Costume creativity now crowdsourced

By Lee Thomas
|
4 min read
Placeholder graphic of The UVU Review Logo with it's tagline of "Your voice, your campus, your news."
Placeholder graphic of The UVU Review Logo with it's tagline of "Your voice, your campus, your news." | Graphic by The UVU Review
Oct 27, 2015, 2:18 PM MST |
Last Updated Oct 27, 2:37 PM MST

Lee Thomas

Lifestyle Editor

All Hallow’s Eve is not just an antiquated Christian ritual of remembering lost souls, turned vessel for the terrifying and twisted anymore. Although it’s rooted in the macabre, in recent years it has evolved into a hybrid of its spooky origin and a setting for grown people to dress up in scary, sexy and/or silly costumes, and generally just be someone else for a night, en masse. It’s like one giant worldwide costume party. Each year since the Internet, the zeitgeist helps dictate what popular culture icons ordinary citizens will be dressing up as and which form of scary food they will find on Pinterest to impress their friends. The parties keep getting progressively more elaborate.

While for families with young children Halloween is still rooted in trick-or-treating, visiting Grandma and watching “Halloweentown” marathons, the holiday has seemingly never been more popular with adults.

The Halloween commodification factor is at an apparent high. Around August, costume shops pop up all over town and the digital community, providing an option for almost every costume that could possibly cross one’s mind, and presumably making enough money to support their owner’s extravagant lifestyles for the rest of the year. And if the shops don’t have it, Pinterest will show you how to make a homemade version with only $75 of raw materials. It’s almost like around 1995, Halloween executives wizened up and realized they were only exploiting children, when they could be going for the entire population. Hopefully the person with that idea got a raise.

The creativity level has gone up several notches since the availability of the World Wide Web. Nostalgia is at an all time high, thanks to the availability of most childhood artifacts from the late twentieth century and a constant online conversation about costume ideas at our fingertips. Not everyone is on his or her Halloween game, though. While some industrious types will plan and make their own costumes from thrifted and/or household items, many just wait until the last minute and order their overpriced pirate costume from their local Costume Were-house (made-up, probably real).

The biggest critical conversation in recent years has focused on the “sexy anything” costume (sexy bunny, sexy cop, sexy lamppost). This year the hot topic is cultural appropriation. As our nation becomes justly more sensitive to the topics of white privilege and racial stereotypes, once-adored costumes such as “Adult Geisha” and “Adult Igloo Cutie Sexy Eskimo” are pissing people off left and right. The concern is about taking a culture’s identity and parading it around as if it were a costume. It’s upsetting when these styles of dress are integrated into regular fashion trends, but the fact that these are actual costumes with a cartoonish use of cultural indicators, usually makes it doubly offensive.
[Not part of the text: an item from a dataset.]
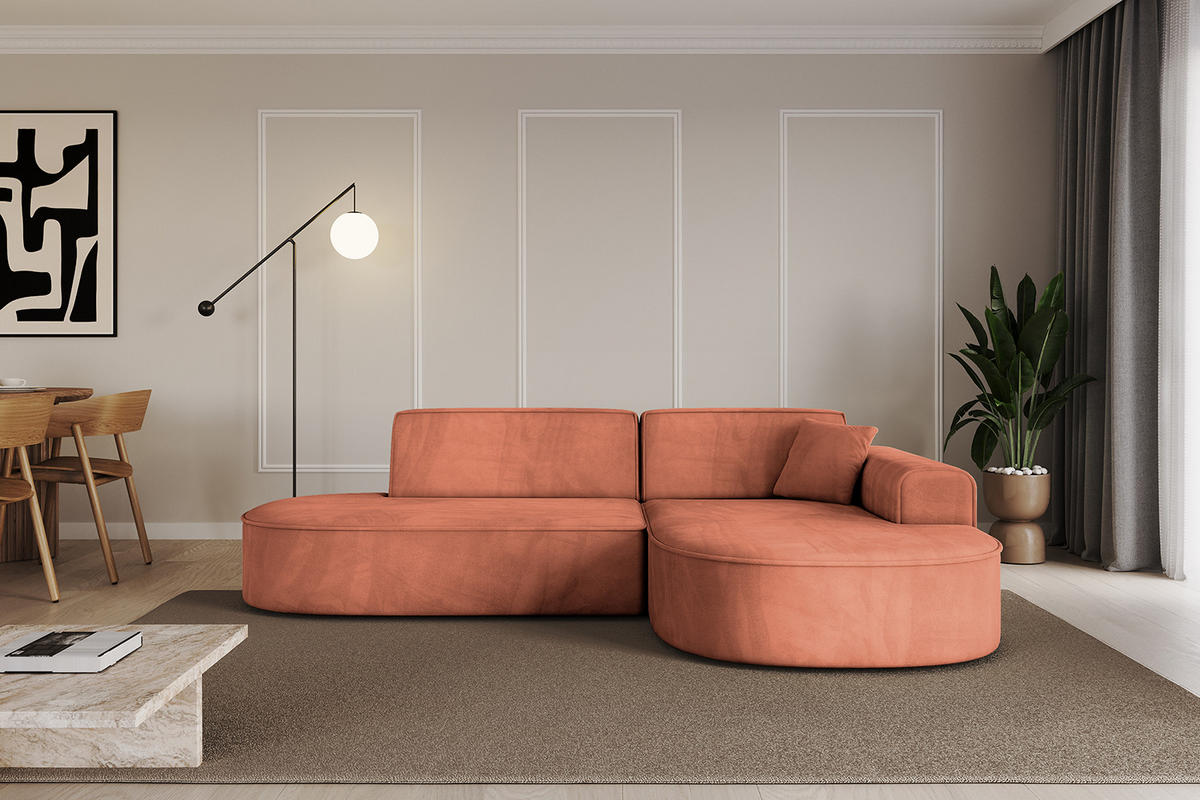 ECKSOFA Ottomane Rechts MARI-L1 - 243x171x79 cm Koralle Velours - Koralle/Schwarz, Holzwerkstoff/Kunststoff (171/243cm) - ALTDECOR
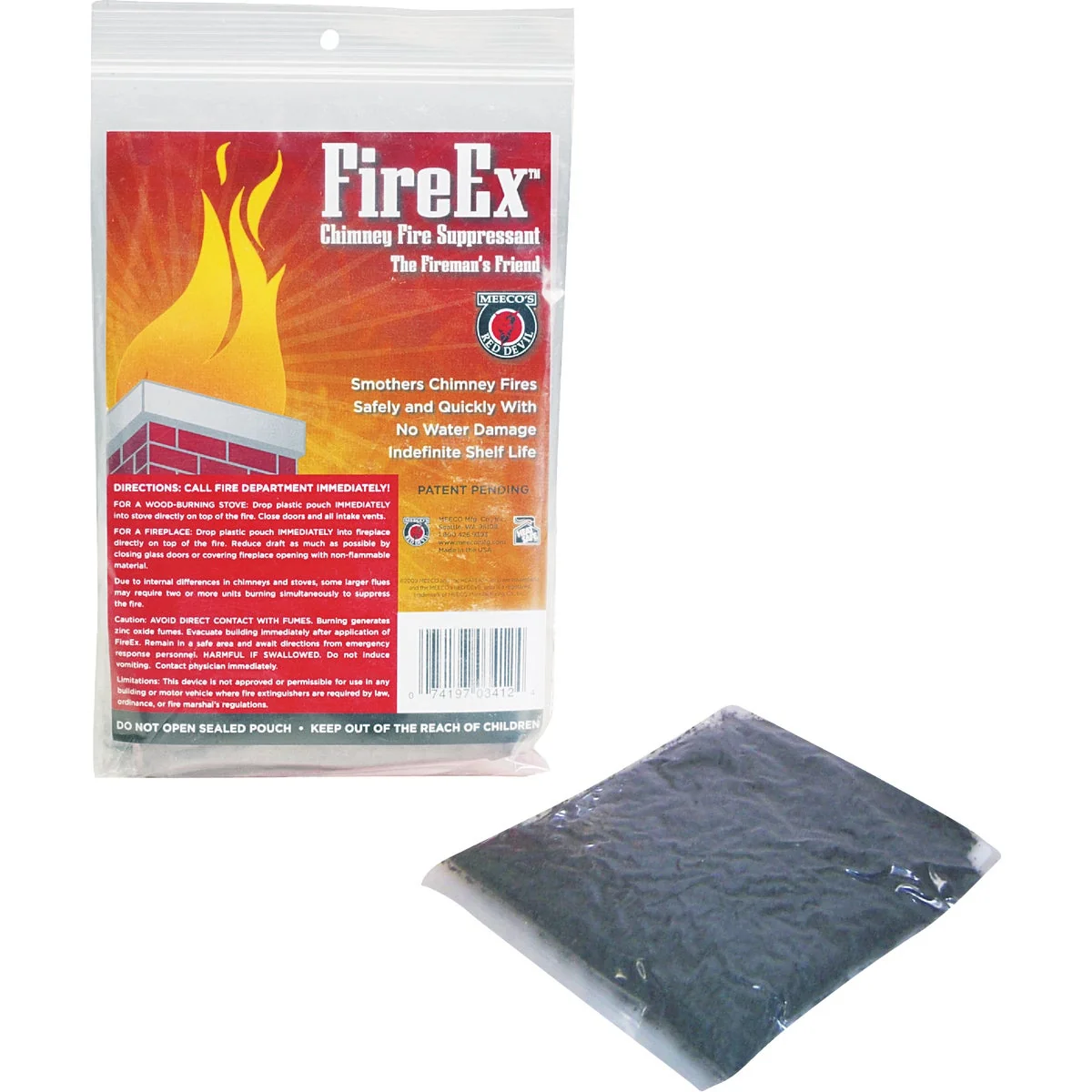 Quality Meeco's Red Devil FireEx Chimney Fire Suppressant Long-Lasting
In Halloweens of the early 2010s, the annual cultural icon that most everyone decided to dress as has included Miley Cyrus and Lady Gaga. Because he has infiltrated everything this year, the costume to be seen in will undoubtedly be Donald Trump. Look for an excess of comb-overs and duck lips to be paraded around town, along with the word “China” being used a lot.

While some may roll their eyes at the notion of dressing up for Halloween, it does seem that more people are going all-out than ever before. Whether supremely artistic, intensely gruesome, or LOL-worthy, the world of Halloween costuming in 2015 is extremely broad. Letting loose, being creative and joining in the fun seems to be the way to go. If you can’t do that, you might as well be dead.